Factores de riesgo de radiculopatía
La enfermedad degenerativa del disco y la osteoartritis son las principales causas de radiculopatía. Otros factores de riesgo son los accidentes y las lesiones que causan daño e inflamación, así como la consiguiente compresión de las raíces nerviosas. Los siguientes tipos de lesiones y afecciones también aumentan el riesgo de tener una radiculopatía:
- Tumores espinales
- espolones óseos
- estenosis espinal
- Discos herniados
- Escoliosis
- Diabetes
- fracturas por compresión
- Spondylolisthesis
Signos y síntomas de la radiculopatía
Dependiendo de la raíz nerviosa comprimida, los síntomas pueden variar en cada caso. La compresión de la raíz nerviosa en el cuello o la parte superior de la espalda causa dolor y debilidad muscular en el cuello, los hombros, los brazos y la parte superior de la espalda. Por otro lado, cuando la compresión se produce en la zona media de la espalda, puede causar molestias similares a las de afecciones cardíacas o de la vesícula biliar, como entumecimiento, hormigueo, ardor o dolor punzante en el abdomen, el costado o las costillas.
La compresión de las raíces nerviosas en la región lumbar provoca dolor en la parte baja de la espalda y las caderas. Los síntomas son alteraciones en los reflejos, entumecimiento u hormigueo en la espalda o las piernas, dolor agudo al sentarse o toser, y debilidad o dolor agudo en las piernas.
Diagnóstico de la radiculopatía
Si tiene dolor de espalda y otros síntomas, consulte a su proveedor de atención médica para que le realice un reconocimiento físico y pruebas de diagnóstico por imágenes, como rayos X, una tomografía computarizada (TC), una resonancia magnética (RM) o una prueba de impulso eléctrico (electromiografía, EMG).
Tratamiento de la radiculopatía
La mayoría de los tipos de radiculopatía pueden tratarse sin cirugía.

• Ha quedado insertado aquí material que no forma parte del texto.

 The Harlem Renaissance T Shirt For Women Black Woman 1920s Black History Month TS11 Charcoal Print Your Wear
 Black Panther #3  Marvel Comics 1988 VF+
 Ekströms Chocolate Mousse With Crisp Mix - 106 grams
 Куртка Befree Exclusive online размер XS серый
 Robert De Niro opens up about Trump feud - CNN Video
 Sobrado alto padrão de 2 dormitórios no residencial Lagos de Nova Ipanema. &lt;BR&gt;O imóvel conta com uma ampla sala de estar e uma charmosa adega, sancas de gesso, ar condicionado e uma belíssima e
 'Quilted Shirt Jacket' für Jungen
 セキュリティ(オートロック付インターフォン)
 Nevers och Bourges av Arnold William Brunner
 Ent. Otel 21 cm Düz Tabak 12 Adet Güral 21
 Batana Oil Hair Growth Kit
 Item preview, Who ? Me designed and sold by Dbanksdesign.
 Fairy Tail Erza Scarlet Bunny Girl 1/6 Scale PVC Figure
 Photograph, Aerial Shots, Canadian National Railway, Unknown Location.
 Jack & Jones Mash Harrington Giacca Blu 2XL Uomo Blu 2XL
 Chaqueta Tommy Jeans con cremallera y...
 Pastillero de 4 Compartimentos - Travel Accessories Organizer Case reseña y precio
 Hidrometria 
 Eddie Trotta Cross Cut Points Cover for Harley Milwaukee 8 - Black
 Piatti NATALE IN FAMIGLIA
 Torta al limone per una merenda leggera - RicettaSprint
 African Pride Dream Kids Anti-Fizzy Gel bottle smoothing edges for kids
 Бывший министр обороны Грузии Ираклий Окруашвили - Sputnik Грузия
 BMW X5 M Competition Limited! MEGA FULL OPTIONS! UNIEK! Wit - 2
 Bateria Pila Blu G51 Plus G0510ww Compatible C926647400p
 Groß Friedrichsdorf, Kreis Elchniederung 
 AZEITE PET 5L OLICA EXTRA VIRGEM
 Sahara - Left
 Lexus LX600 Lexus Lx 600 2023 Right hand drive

Sin embargo, en casos extremos, la cirugía puede ser la única manera de aliviar la presión, por ejemplo, a través de la reparación de una hernia discal, la extirpación de un espolón óseo, la fusión ósea o un procedimiento de ensanchamiento del canal espinal.
En los casos menos graves, se pueden recetar analgésicos como la gabapentina. Los remedios caseros incluyen antiinflamatorios y analgésicos de venta libre (ibuprofeno, naproxeno y aspirina), aplicación de frío y calor, y fisioterapia.
Vivir con radiculopatía
Algunos casos de radiculopatía pueden sanar rápidamente, especialmente aquellos que se tratan con inyecciones de esteroides. Los casos leves pueden tratarse con antiinflamatorios y analgésicos de venta libre, como ibuprofeno, naproxeno o aspirina, así como con la aplicación de hielo y calor. La fisioterapia también puede reducir el dolor.
En los casos más graves que requieren cirugía, se recetarán analgésicos para controlar el dolor. Algunos casos pueden tardar meses o incluso años en resolverse.